What to work on: Any picture must be dropped, but each line of the data should be duplicated exactly.

(Stored dataset items)

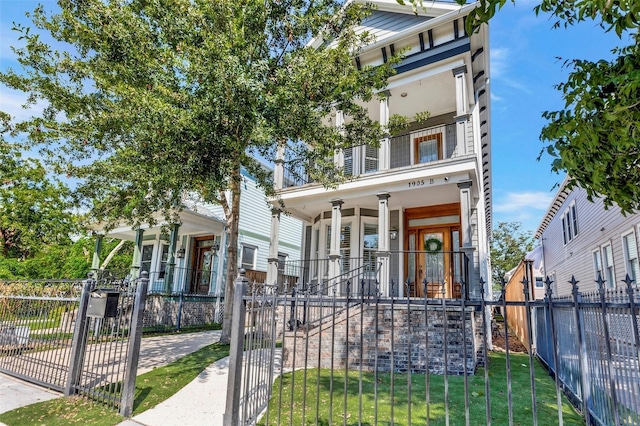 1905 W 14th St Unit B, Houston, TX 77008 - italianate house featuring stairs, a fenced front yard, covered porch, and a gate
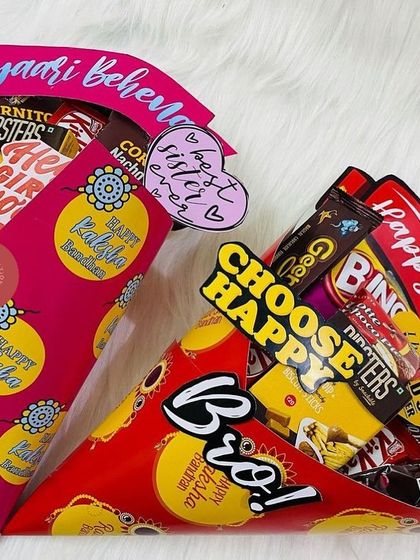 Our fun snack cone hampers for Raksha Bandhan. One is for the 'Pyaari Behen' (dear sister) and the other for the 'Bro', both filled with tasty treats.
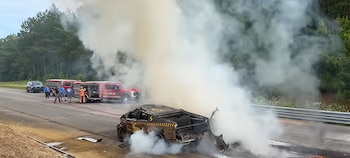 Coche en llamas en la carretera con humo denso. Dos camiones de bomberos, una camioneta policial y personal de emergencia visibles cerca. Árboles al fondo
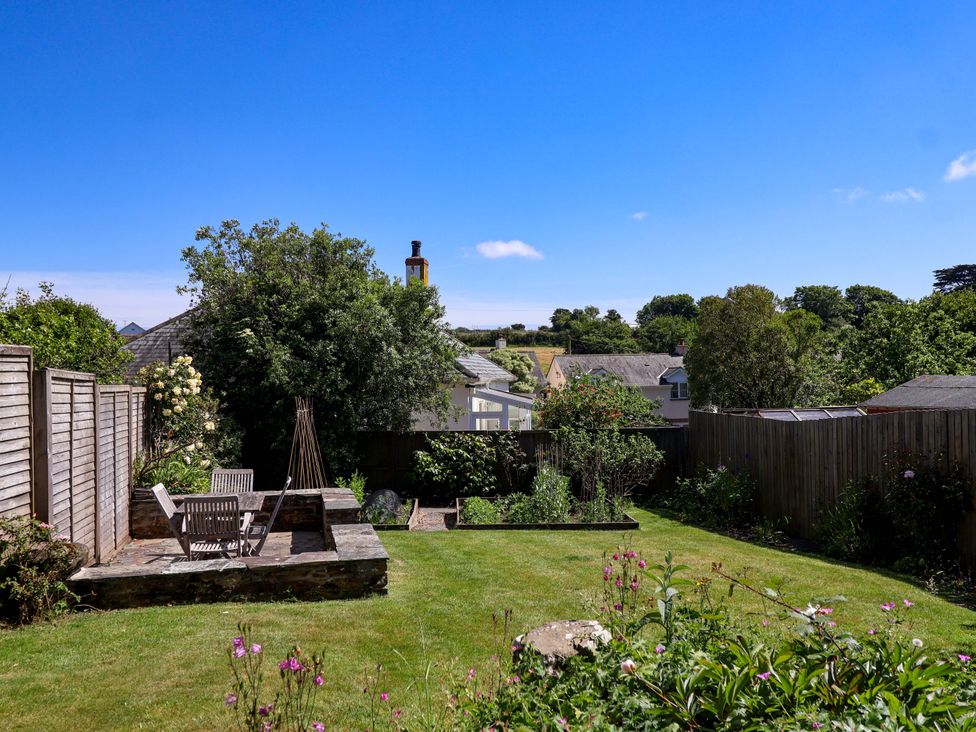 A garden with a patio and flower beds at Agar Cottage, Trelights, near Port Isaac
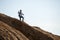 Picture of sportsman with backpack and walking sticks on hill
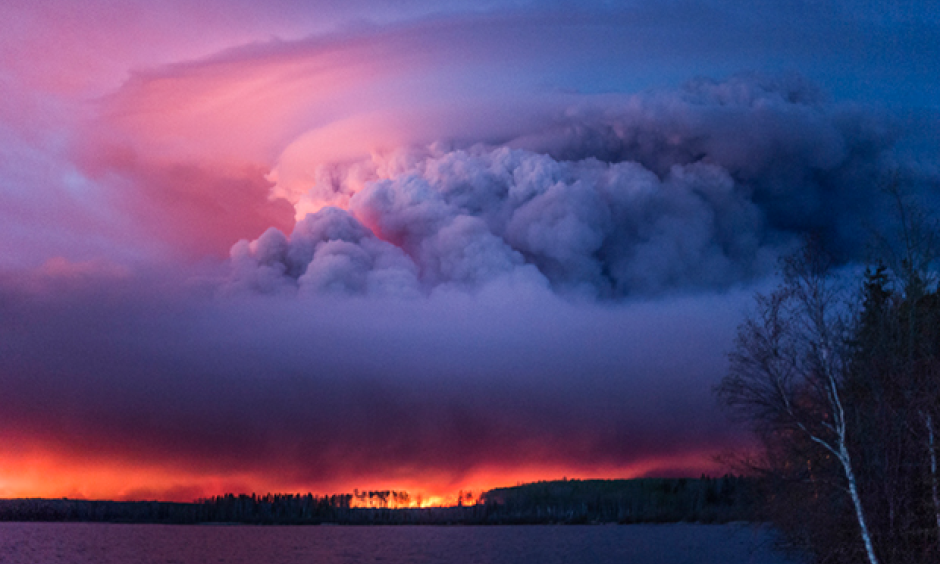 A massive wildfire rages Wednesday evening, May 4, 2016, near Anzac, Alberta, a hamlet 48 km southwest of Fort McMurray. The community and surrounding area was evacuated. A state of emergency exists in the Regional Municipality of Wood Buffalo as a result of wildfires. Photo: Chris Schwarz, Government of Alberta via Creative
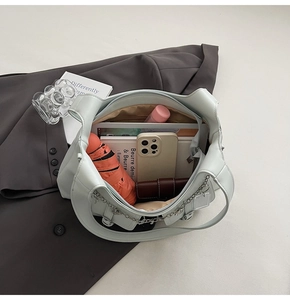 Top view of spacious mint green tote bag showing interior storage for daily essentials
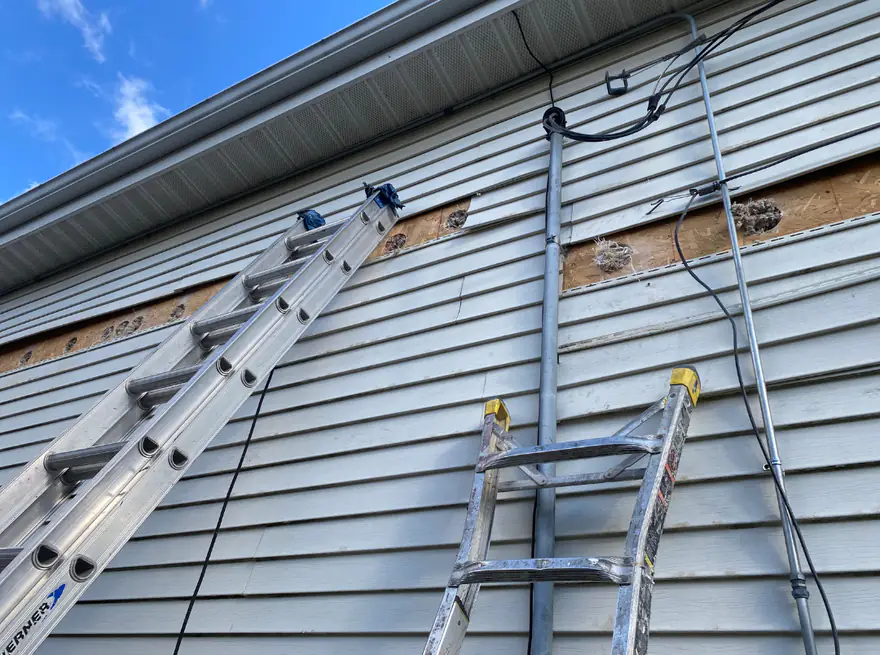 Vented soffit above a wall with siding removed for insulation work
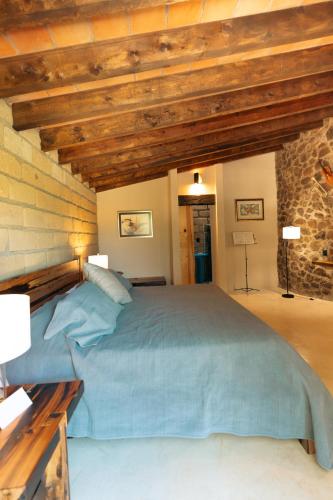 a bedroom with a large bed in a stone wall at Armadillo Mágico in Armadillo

Solution for this exercise:
 1905 W 14th St Unit B, Houston, TX 77008 - italianate house featuring stairs, a fenced front yard, covered porch, and a gate
 Our fun snack cone hampers for Raksha Bandhan. One is for the 'Pyaari Behen' (dear sister) and the other for the 'Bro', both filled with tasty treats.
 Coche en llamas en la carretera con humo denso. Dos camiones de bomberos, una camioneta policial y personal de emergencia visibles cerca. Árboles al fondo
 A garden with a patio and flower beds at Agar Cottage, Trelights, near Port Isaac
 Picture of sportsman with backpack and walking sticks on hill
 A massive wildfire rages Wednesday evening, May 4, 2016, near Anzac, Alberta, a hamlet 48 km southwest of Fort McMurray. The community and surrounding area was evacuated. A state of emergency exists in the Regional Municipality of Wood Buffalo as a result of wildfires. Photo: Chris Schwarz, Government of Alberta via Creative
 Top view of spacious mint green tote bag showing interior storage for daily essentials
 Vented soffit above a wall with siding removed for insulation work
 a bedroom with a large bed in a stone wall at Armadillo Mágico in Armadillo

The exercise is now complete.